Kana is alive and well in the Japanese language, as it refers to the Japanese
syllabaries, Hiragana and Katakana.
[https://en.wikipedia.org/wiki/Kana](https://en.wikipedia.org/wiki/Kana)

What I think the article means is "Hentaigana", Hiragana variations that fell
out of favor during the Meiji era.
[https://en.wikipedia.org/wiki/Hentaigana](https://en.wikipedia.org/wiki/Hentaigana)

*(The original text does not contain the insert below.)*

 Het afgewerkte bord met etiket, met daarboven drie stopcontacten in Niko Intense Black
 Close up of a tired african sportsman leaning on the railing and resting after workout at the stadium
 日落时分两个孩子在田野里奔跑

As all Hiragana, they are based on the cursive Kanji (Chinese Characters). One
can easilly find books about cursive forms of Kanji and Kana-only caligraphy
books even here in Brazil. So I found the "no one had heard of Kana" part a
bit off, even if refering to actually Hentaigana/old Kana. Whole Kana-only
books where printed in the Edo era, often with the same connected style of
Kaoru Akagawa, with Hentaigana and all:
[https://pulverer.si.edu/sites/default/files/styles/essay_lar...](https://pulverer.si.edu/sites/default/files/styles/essay_large/public/image_assets/Fig9_FSC-
GR-780.634.2_007.jpg?itok=uZnr4VPu)
[https://pulverer.si.edu/sites/default/files/styles/essay_lar...](https://pulverer.si.edu/sites/default/files/styles/essay_large/public/image_assets/Fig2_FSC-
GR-780.469.3_012.jpg?itok=ArkD2Oit)

So anyone with some knowledge of Japanese History would have heard of them,
specially in Japan. The wikipedia article even points out they are still used
in signs for an archaic feel. Reading and writting them would indeed be
relativelly rare, as cursive Kanji is, but the "no one had heard of Kana"
(sic) part sounds very unlikely to me.